Elsewhere, Wragges operates a formal alliance with independent German firm Graf von Westphalen, having signed a deal with the 150-lawyer outfit in 2003. Graf operates offices throughout all the major economic and legal centres in Germany, as well as offices in Brussels, Vienna and Alicante.
Key clients
The client base is exceptional in terms of boasting a wide range of bluechip names - clients like BP, BT, 3i and GlaxoSmithKline. However, there has been an internal issue of the firm failing to convert some of its trophy clients into actual work-flow. Because of the breadth of the practice, the firm is certainly diversified.
Leading partners
There are a lot of good partners across departments but Ian Metcalfe in corporate, private equity head Maurice Dwyer and Adrian Bland in real estate would be viewed as stand-out names. High-profile senior partner Quentin Poole (pictured below right) is one of the UK's least dull law firm leaders.
Career prospects
In 2009 the firm promoted just one associate to its all-equity partnership, a steep drop on the previous year's figure of nine. Wragges also operates a 'director' rank, with eight lawyers getting the nod in the summer 2007 round.
It was reported in July 2008 that Wragges raised its City NQ rate by £1,000 to £63,000 and similar increases in Birmingham saw pay rise to £41,000 from £40,000 - an increase of 1.6% and 2.5% respectively.

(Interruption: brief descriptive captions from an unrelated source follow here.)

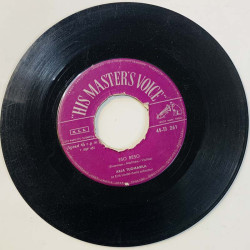 Tuomarila Arja vinyl single Eso Beso / Kahden Bossa Nova  kansi Ei kuvakantta levy G+ käytetty vinyylisingle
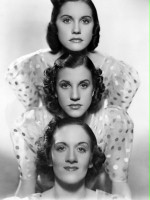 The Andrews Sisters / Sue Courtney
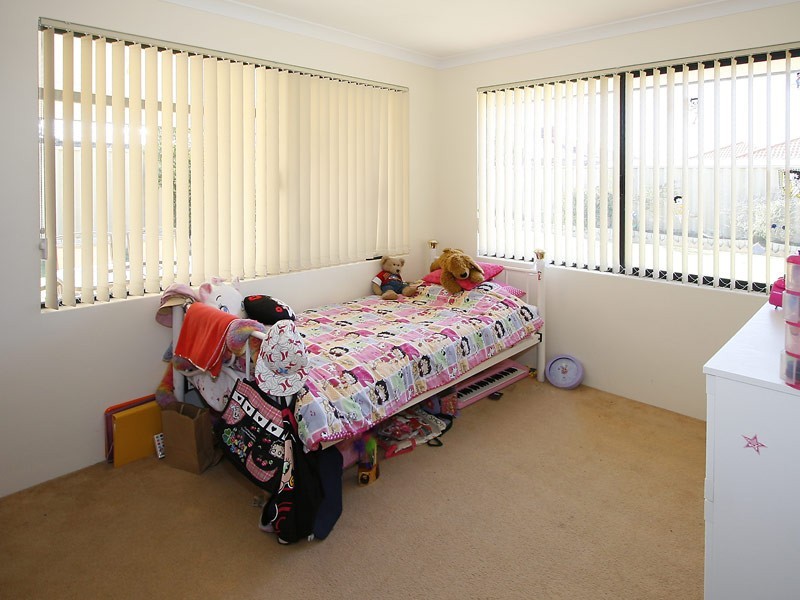 16 Dunsfold Street, Butler WA 6036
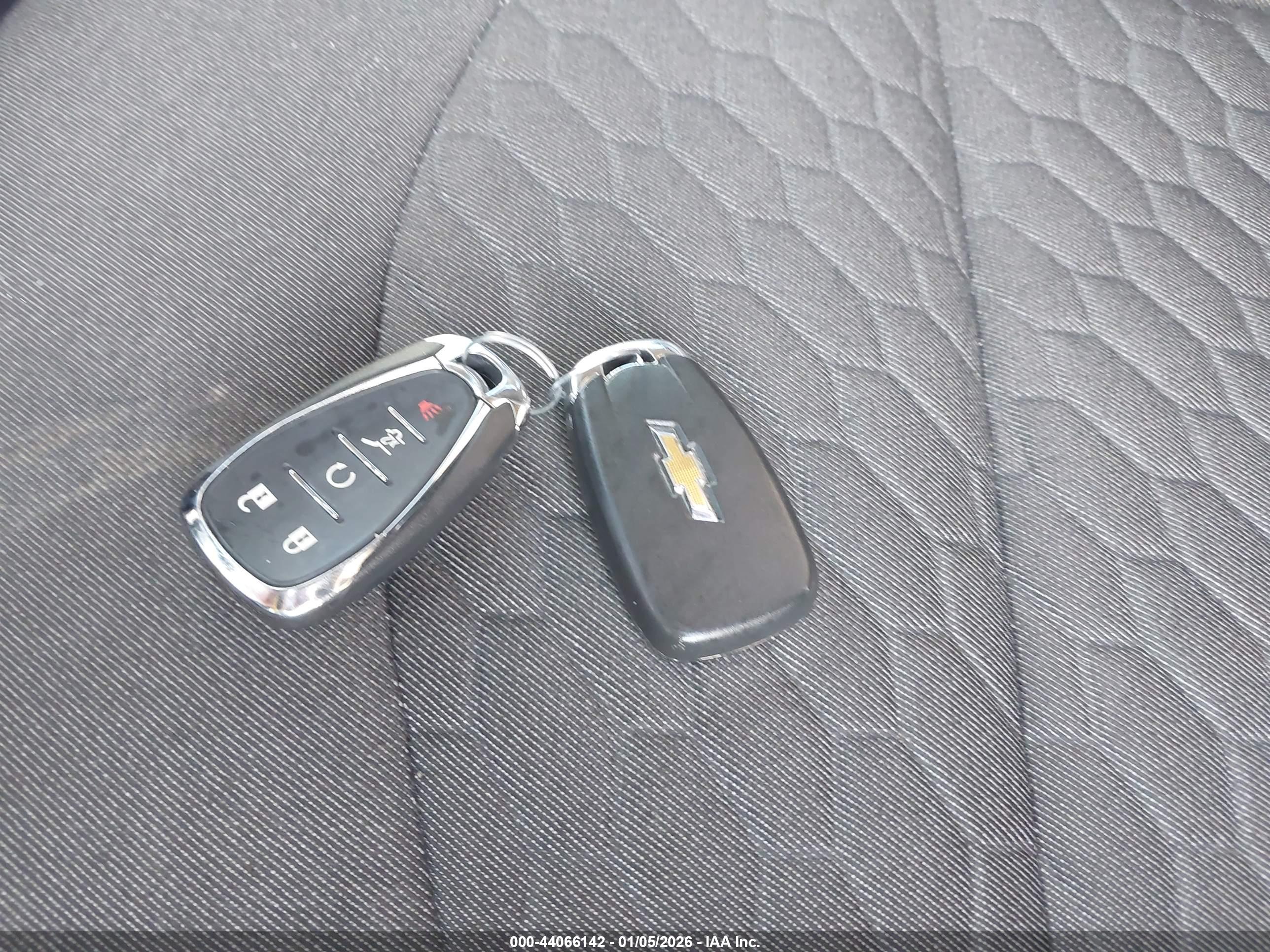 CHEVROLET EQUINOX image 11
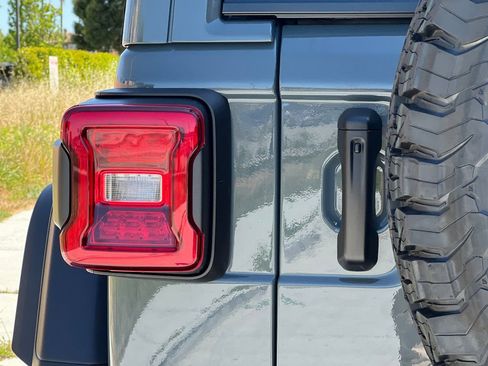 New 2026 Jeep Wrangler Unlimited Rubicon 392 w/ Quick Order Package 27X Moab AWD/4WD image 27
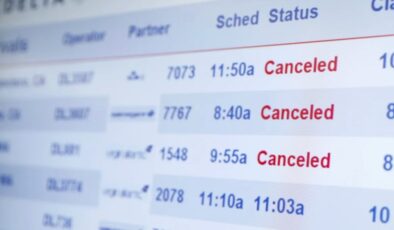 Frankfurt Havalimanı’nda zorlu kış şartları nedeniyle uçuşlarda iptal ve gecikme yaşanıyor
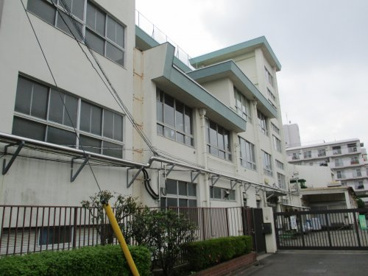 三鷹市立南浦小学校の画像1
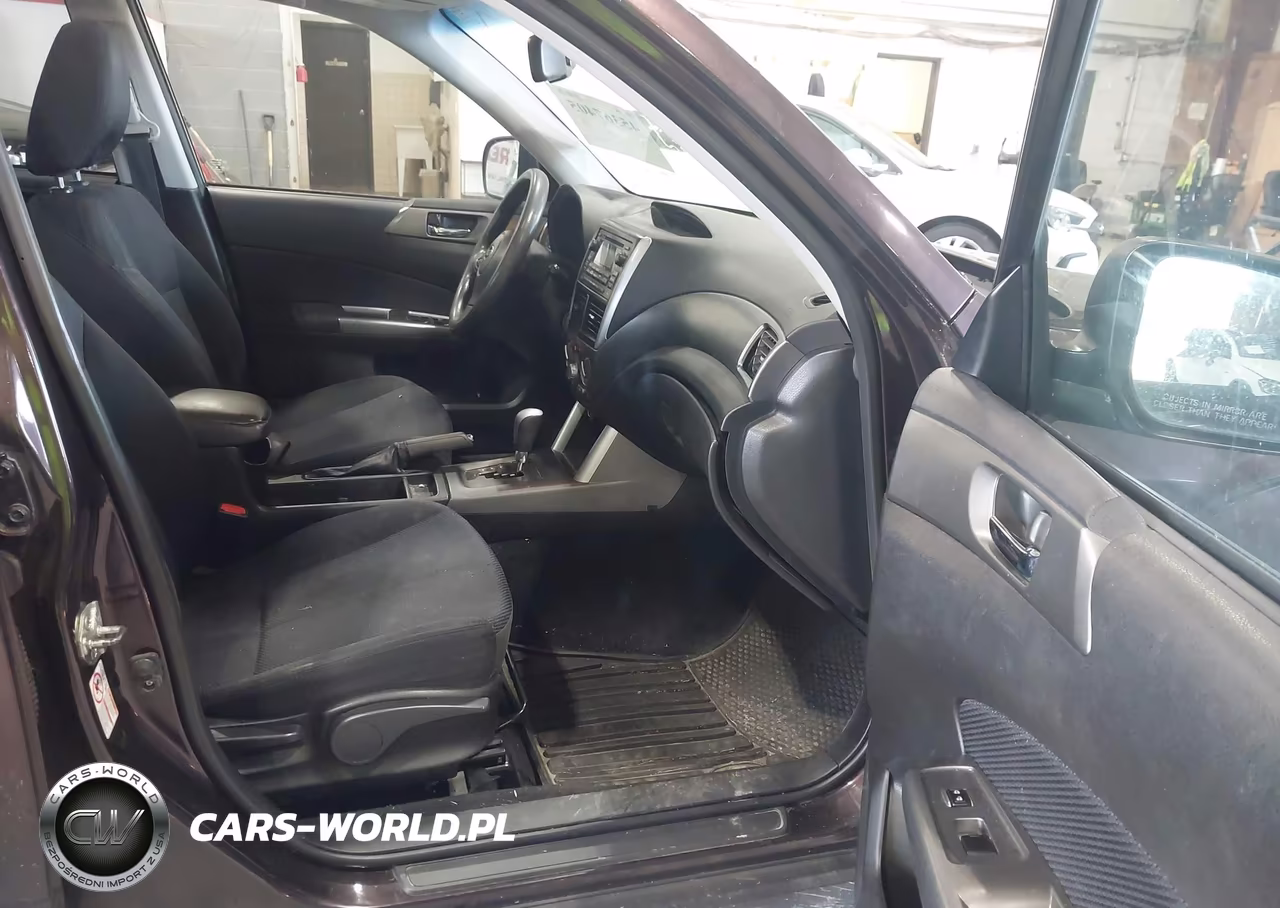 2013 Subaru Forester 2.5X Premium VIN:JF2SHACC2DH431090 - 5
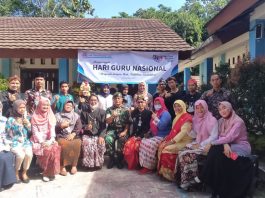 MEMPERINGATI HARI GURU NASIONAL 2021 BERGERAK DENGAN HATI PULIHKAN PENDIDIKAN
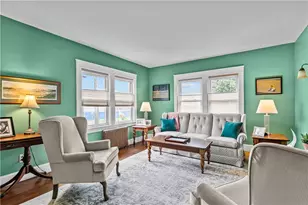 129 Bliss Mine Rd, Newport, RI 02840 - Photo 7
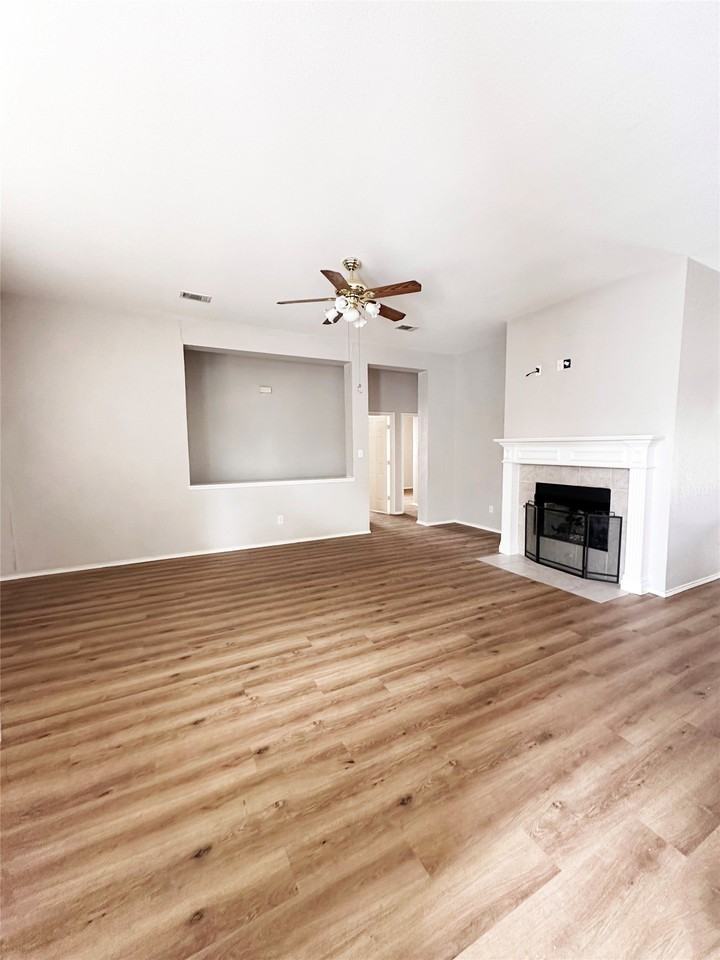 9324 Harrisburg Ln - Photo 6 of 21
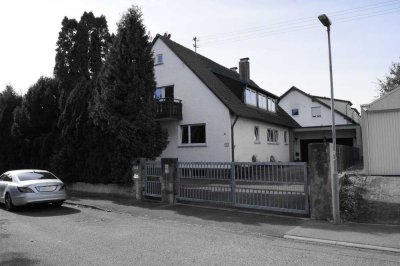 Zweifamilienhaus mit großer Lagefläche in schöner Lage in Gögglingen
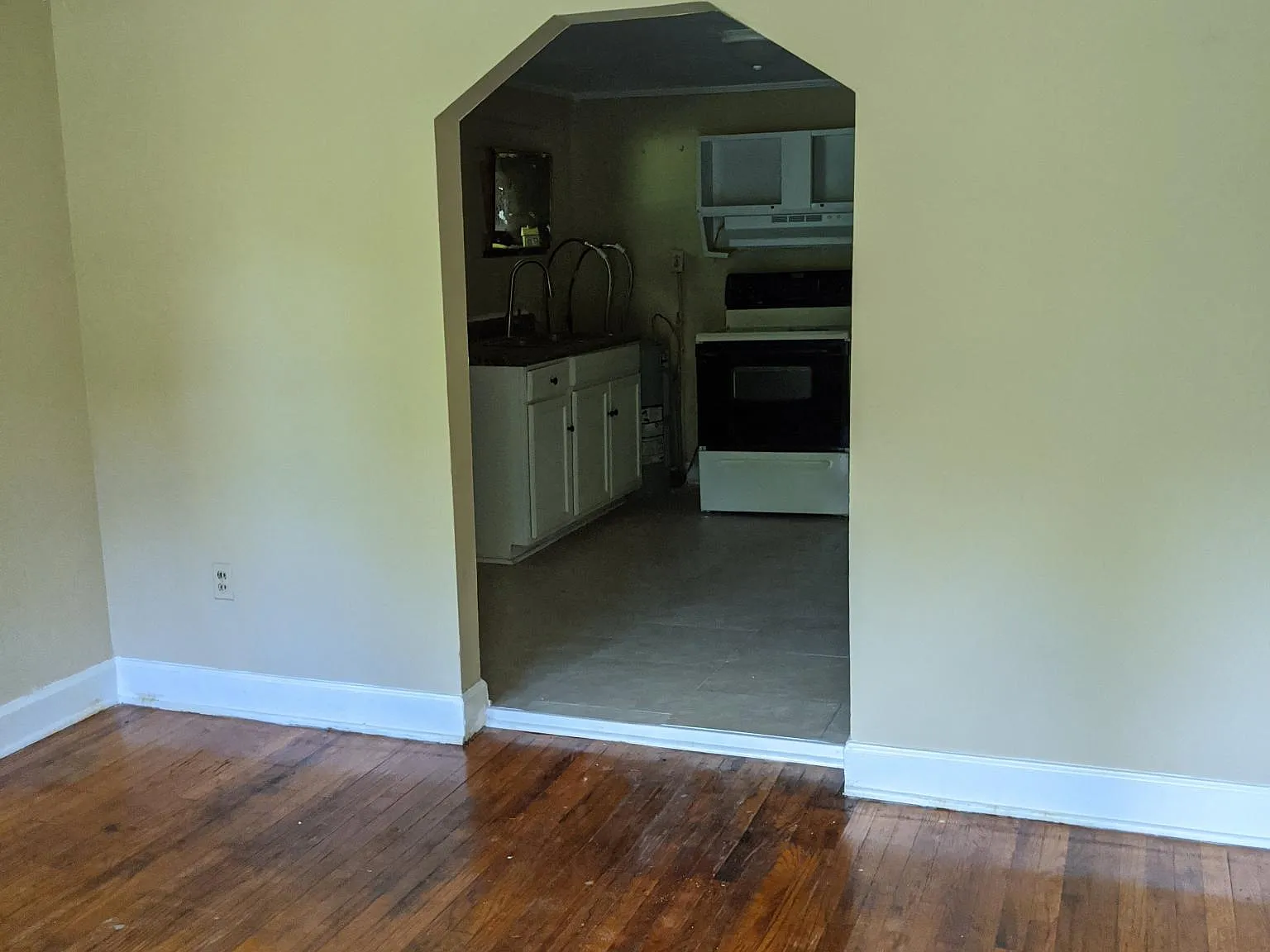 1 bed, 550 sqft, $850 — Photo 4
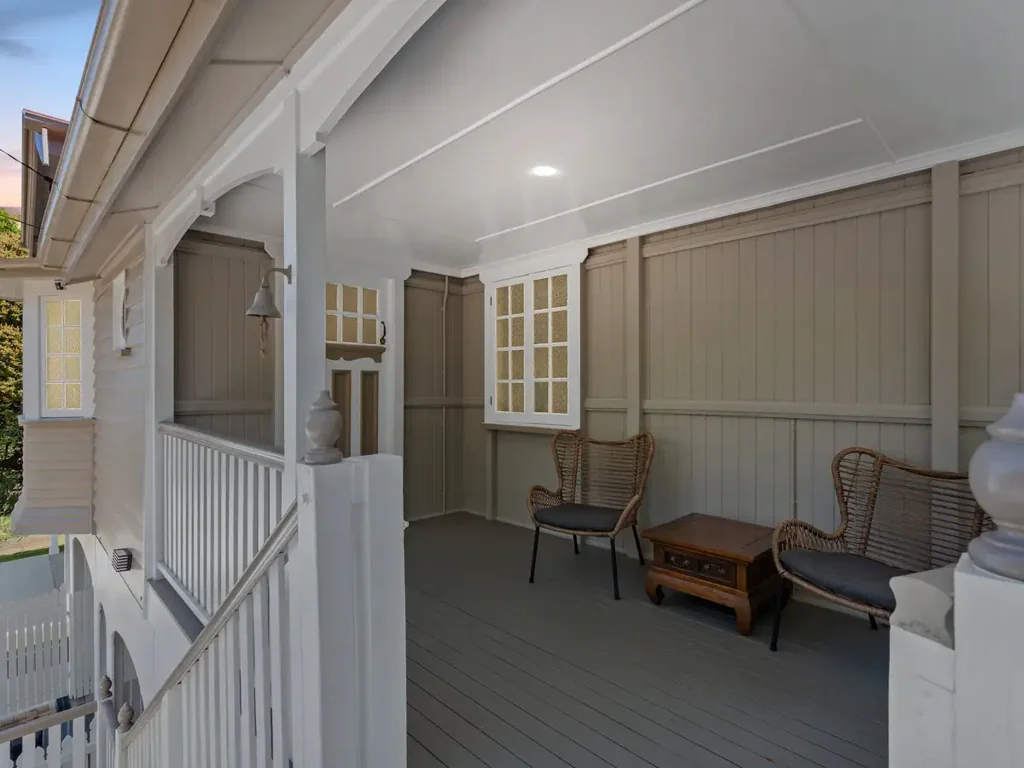 East Ipswich 5房 难得的机会，可在1181平方米地块上获得翻新物业 Rare Opportunity to Secure Renovated Property on 1181 Sqm block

For more information on trainee recruitment at Wragges (presented in a fairly trendy way, by law firm standards) click here.
Work-life balance
The firm's cuddly rep has taken a few knocks in recent years as Wragges has positioned itself (probably rightly) as a slightly more hard-edged business. However, judged against its peer group, Wragges would still be regarded as a progressive and imaginative employer.
In April 2008 the firm again put work-life balance at the top of the agenda after unveiling an ultra-liberal flexi working scheme for all its staff - who don't have to explain to the firm precisely why they want to work the hours they do.
Better than average for women and ethnic minorities - perhaps surprisingly, since Wragges' partnership is pretty public school-heavy.